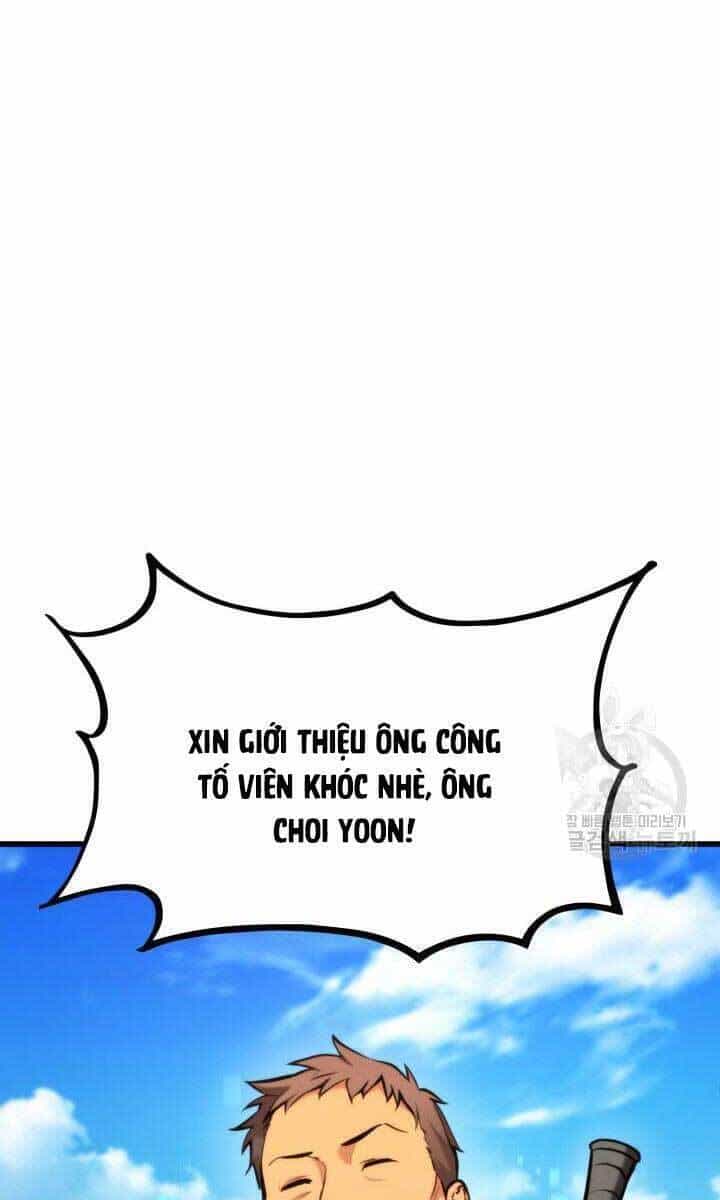 Sự Trở Lại Của Vị Thần Sức Mạnh - Chương 92 - ảnh 10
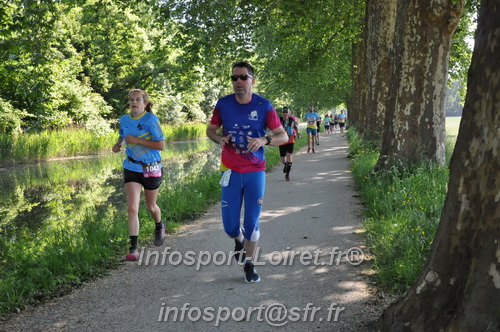 La_Cacienne2025/CACIENNE2025_02132.JPG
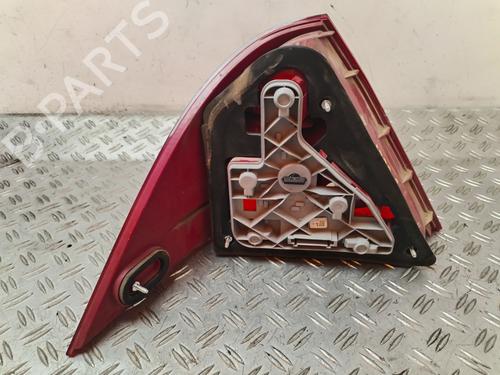 Right taillight MERCEDES-BENZ C-CLASS Coupe (CL203) C 200 CDI (203.707) | BP30943473C35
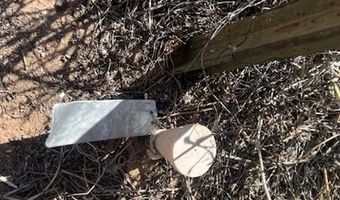 58 ENCIMA DE BELEN, Belen, NM 87002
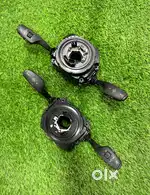 BMW 3 Series F30 Angle Sensor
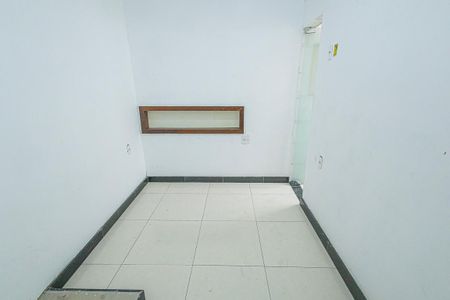 Studio para alugar com 22m², 1 quarto e sem vagaquarto / suite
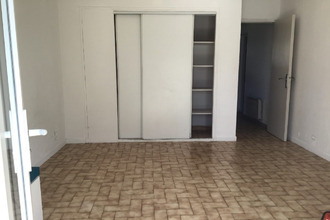 location appartement istres 13800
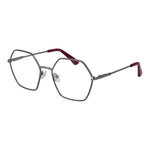 GUESS MOD. GU2934 54071 SUNGLASSES & EYEWEAR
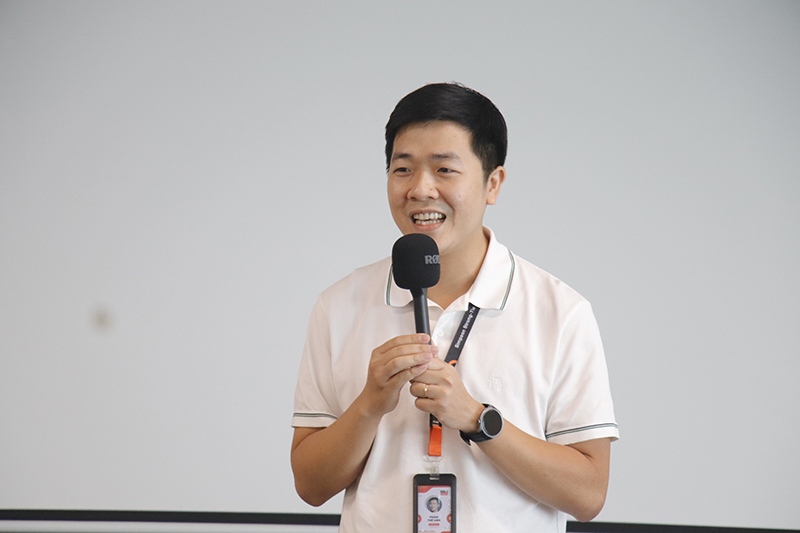 Simpson_04-11-2025-005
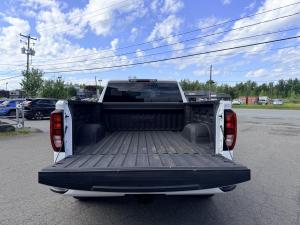 Miniature 7 GMC Sierra 1500 Elevation 2024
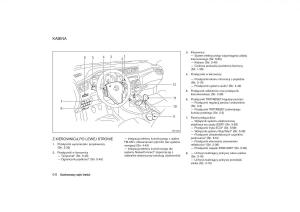 Nissan-Qashqai-II-2-instrukcja-obslugi page 11 min
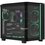 ПК ARDOR GAMING EVO X136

———

Your task is to transcribe exactly the lines from the one containing "Studio para alugar" through the final line of the entries above, pictures excluded.

- **Response**
 Studio para alugar com 22m², 1 quarto e sem vagaquarto / suite
 location appartement istres 13800
 GUESS MOD. GU2934 54071 SUNGLASSES & EYEWEAR
 Simpson_04-11-2025-005
 Miniature 7 GMC Sierra 1500 Elevation 2024
 Nissan-Qashqai-II-2-instrukcja-obslugi page 11 min
 ПК ARDOR GAMING EVO X136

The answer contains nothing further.